Chief Justice John Roberts
CBS News is reporting Chief Justice Roberts changed his mind on the controversial healthcare bill. That leaves everyone else wondering, Why? WikiCommons / US Supreme Court

When CBS News broke the story that U.S. Chief Justice John Roberts -- the pivotal vote in the Supreme Court's 5-4 landmark ruling on the Affordable Care Act last Thursday -- had first decided to vote with his fellow conservatives on so-called Obamacare and then changed his mind, it led to huge questions, not only about him but also about his motivations.

Roberts, nominated as the 17th U.S. chief justice by President George W. Bush in 2005, has long been considered a lock to vote the Republican Party line on big issues -- and there have been few bigger issues than Obamacare during his seven-year tenure -- so the speculation about his motives was fierce and immediate.

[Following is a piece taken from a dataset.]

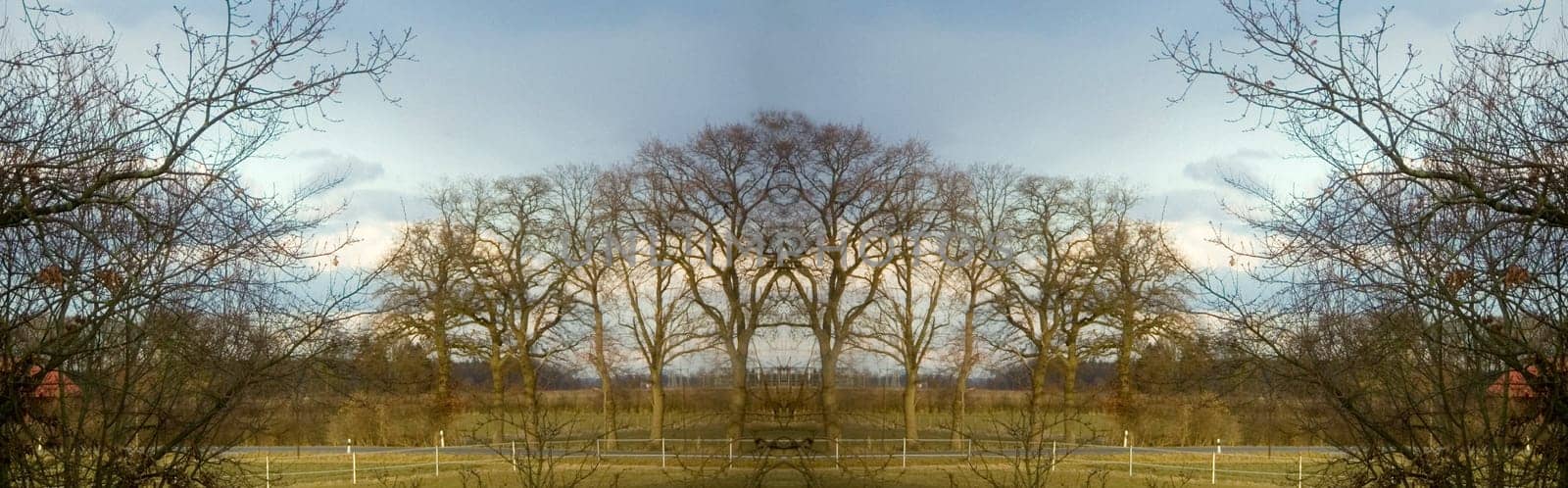 Panorama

Evidently, Roberts was swayed at one point or another -- believed to have been about a month or so ago -- by at least some of the arguments made by the liberal justices, despite heavy lobbying by the conservative justices, especially Justice Anthony Kennedy. Ironically, Kennedy was considered by many people to be the one wild card in the process leading to the monumental decision. In fact, Kennedy is about the last justice anyone would have expected to be trying to rally a wayward conservative on this issue.

According to CBS News, however, Kennedy desperately attempted to woo Roberts for about a month: 'He was relentless,' one source said of Kennedy's efforts. 'He was very engaged in this.'

Following the failure of these efforts, CBS reported: The conservatives refused to join any aspect of his opinion, including sections with which they agreed, such as his analysis imposing limits on Congress' power under the Commerce Clause, the sources said. Instead, the four joined forces and crafted a highly unusual, unsigned joint dissent. They deliberately ignored Roberts' if they were no longer even willing to engage with him in debate.

The lifelong appointments given to Supreme Court justices are in place to prevent any kind of political gamesmanship or maneuvering like that many believe to have seen in the handling of the health-care bill. The Supreme Court is a famously tight ship when it comes to leaks, but there is speculation the dissension among the conservatives in this case made a leak like the one underlying the CBS report inevitable.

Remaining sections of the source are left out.